1) Wrap your chain in a ResponsesAgent with predict_stream.
# pip install -U mlflow databricks-agents databricks-langchain langchain

import mlflow
from mlflow.types.responses import (
    ResponsesAgent, ResponsesAgentRequest, ResponsesAgentResponse, ResponsesAgentStreamEvent
)

class RAGChainAgent(ResponsesAgent):
    def __init__(self, chain):
        self.chain = chain

    def predict(self, request: ResponsesAgentRequest) -> ResponsesAgentResponse:
        # Non-streaming path: run and return one complete response
        answer = self.chain.invoke({"messages": request.messages})
        item = self.create_text_output_item(text=answer)
        return ResponsesAgentResponse(output_items=[item])

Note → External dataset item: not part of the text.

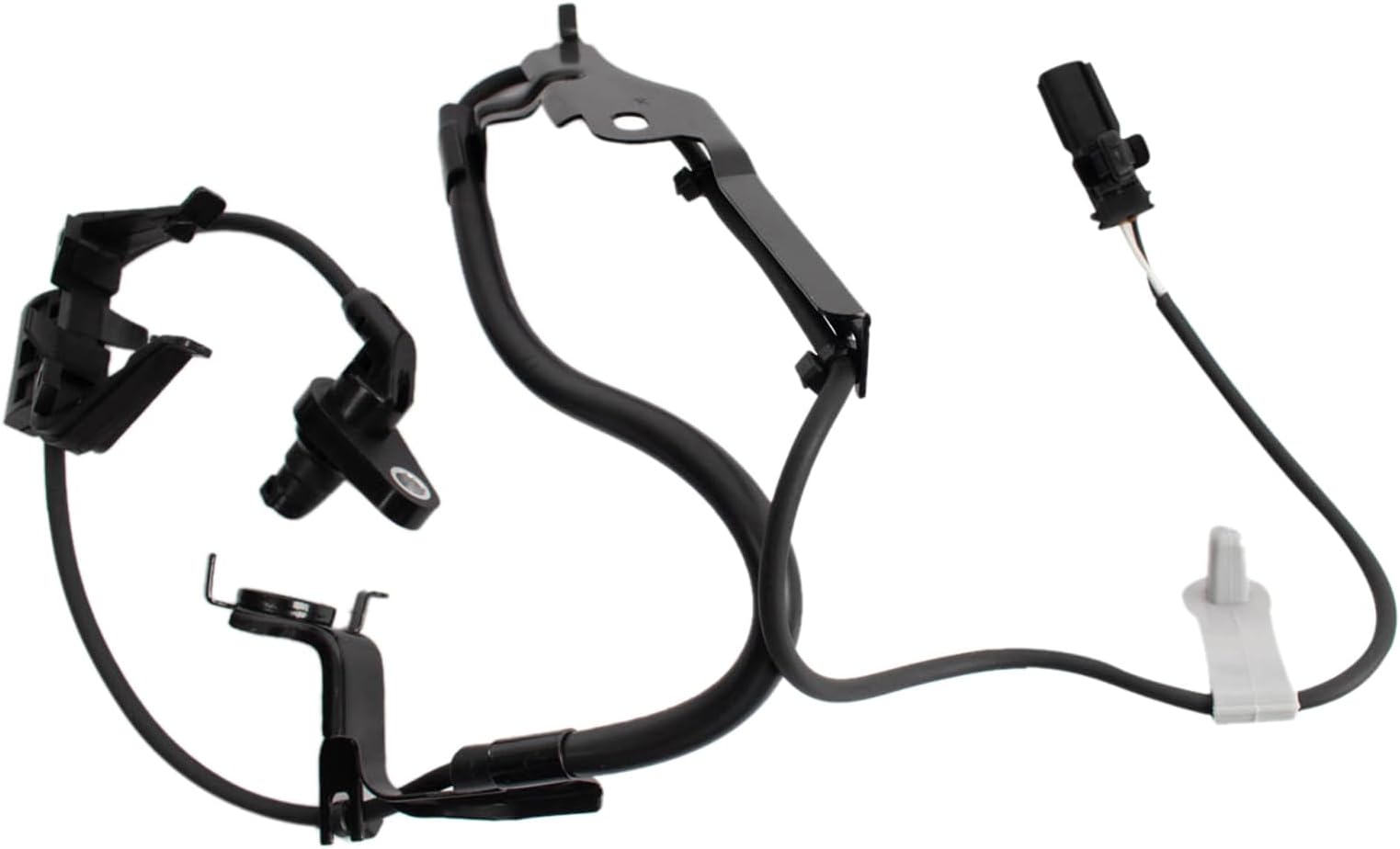 TRQ Front Right ABS Wheel Speed Sensor Passenger Side Compatible with 2010-2015 Lexus RX350 RX450h 2010-2018 Toyota Highlander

    def predict_stream(self, request: ResponsesAgentRequest):
        # Streaming path: emit deltas, then a final "done" item
        item_id = self.new_id()
        full_text = ""
        # If your chain supports async streaming, adapt this to call chain.stream() or chain.astream()
        for chunk in self.chain.stream({"messages": request.messages}):
            text_chunk = chunk if isinstance(chunk, str) else str(chunk)
            full_text += text_chunk
            yield ResponsesAgentStreamEvent.output_text_delta(id=item_id, text=text_chunk)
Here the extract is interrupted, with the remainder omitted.